Finally met my Pain Doctor. After five years…
Where to begin! LOL
Had an … interesting… meeting with the head doc at the pain clinic.
He slotted 30 min for our meeting. He was ten minutes late and stayed 48 more.
He started off by harping on the narcotics and how it was “for your safety” yada yadda yada..
I explained it *wasn’t* about the drugs, it was about the *treatment*.
I really could care less *what* they use, I just want the pain dialed back to a liveable level.
I don’t expect to be pain free, but wanting to bash my head in with a brick is unacceptable.
I explained how I noticed that my NP had gone from being my advocate, to being my adversary.
I showed him that I keep a *meticulous* pain/life journal that is recorded by the *HOUR* that goes back YEARS. I follow *every recommendation/rule. I research my condition and *all* possible treatments. I read the med lit, trial info and results, the med journals and communicate with leaders in the field on occasion.
I explained that a year ago I was advancing well. I was actually being considered for a work position from home. Had completed certification and advanced certification scoring top of my class an in the top .1% nationally. *They* were coming to *me*. Again. FINALLY. Then I got sick and everything suddenly changed.
I explained that I understood the risks (prob better than most if not all of his other patients) and was willing, at this point, to accept *any* reasonable risk and sign a waiver to that effect. I offered to give him *any* protections he desired in order to protect himself and the work of the clinic (because they *have* been a decent clinic.) I offered to take any test, see any doctor (other than an ass of a pulmonologist who thinks I was just being “melodramatic” about my pain and claustrophobia.)
I said I even went and paid out of pocket to see a specialist in *HIS* med group. Said to ask *that* doc *point blank* about narco use. (The NP sent a *very* specific question only about a pain pump.) Showed him that I owned a (now slightly worn from use!) pulse ox meter and *proved* to him that it was *as* accurate as the one they use. (Wore them side by side.)
Explained that I didn’t *have* to wear it. *Proved* it by taking off my O2 and maintaining a 94% saturation rate in front of him. For an HOUR. (I wear it because I have polycythemia- a low O2 condition symptom. We don’t know if it caused the enlarged heart or vice-versa.) I wear it to fight *that* condition because we don’t know where it came from. I wear it at high levels because we pay for a blanket amount. (As much or as little as we want- same fee.) I figure the “more the merrier” so….
Explained that the pulmonologist had asked me to do the equivelant of jumping 20 feet as part of my treatment. I could not *physically* comply. That I had taken *any and every* possible option otherwise to make *sure* I covered the problem six ways from Sunday. (And that I had the data and recordings to *prove* so.) That I had showed the new lung doc and he had *agreed*. But that my NP didn’t seem to want to know *or* care!
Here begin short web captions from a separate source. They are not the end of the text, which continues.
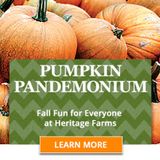 PUMPKIN PANDEMONIUM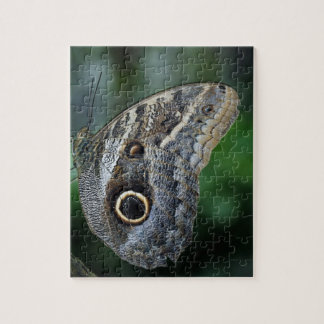 Amazing Caligo Eurilochus Butterfly Jigsaw Puzzle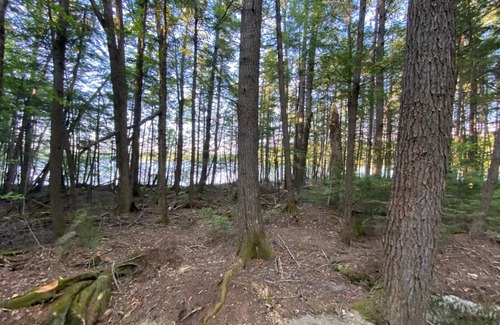 Dover-Foxcroft Sonstige | Tentrr State Parks - Peaks Kenny State Park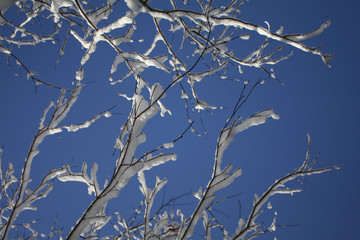 Snow Covered Branches and Sky Background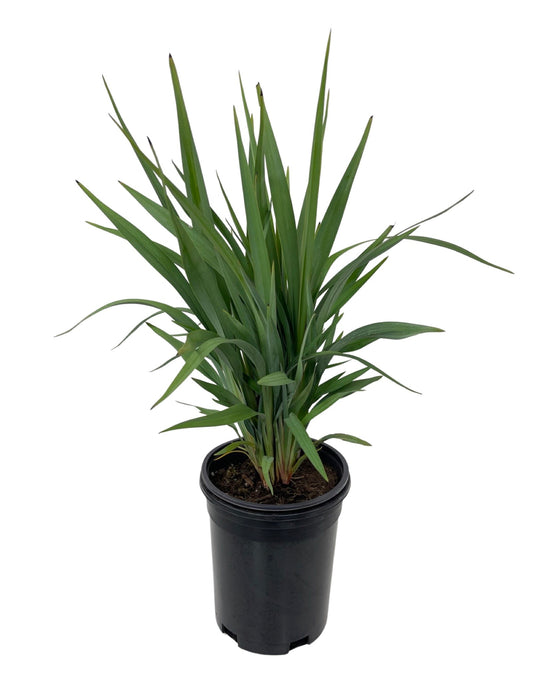 Dianella hybrid 'Clarity Blue' 1 Gallon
I told him I was *very* concerned and a little angry that I called his office 8 times over 5 days because I couldn’t take my *other* meds since I couldn’t keep down sips of *water*. That I pretty much stopped eating on the 11th Sept. Anything I *did* eat I lost shortly thereafter.(I lost 25 odd pounds by the way, wouldn’t recommend it as a diet…) And I received…… Nothing. No call backs. Nothing. That his clinic was a black hole. I even sent a letter cert. mail and got back…. Nothing. But a letter saying they would discuss it in two weeks at the appt. That I warned them the agony was so bad I was considering drastic action. Like an ambulance. Again….. Nothing…
He asid he would check the records. I gave him a few times and dates. To *Help*, of course. 😉
He started with the whole “You say, the NP says..” when I held up my hand to stop him and told him, point blank, that I had started recording my meetings with the NP in FEB. (And would he like to hear them.)
THAT got his *undivided* attention. He said it was illegal, I said, “No, it is inadmissible in *criminal* court.”
He asked if I was recording him right then, I told him of course not!
But by doing so I put him notice that I was *not* a ‘run-of-the-mill’ patient. I *knew* my rights, *his* responsibilities and, more importantly, *LIABILITIES*.
(I had already informed the chairman of the board of the clinics overseeing med group that they were on notice…)
From that point the dynamic changed.
And, Oh! He cannot *guarantee* use of morphine, but *is* willing to take a fresh run at a new pulmonologist (the Cool one I have already seen, btw. Friends with my *cool* primary care provider! LOL).
Said they would schedule fresh sleep studies and if *they* can give him the *cover* he needs, then *nothing* would be taken off the table and we would talk again in a month.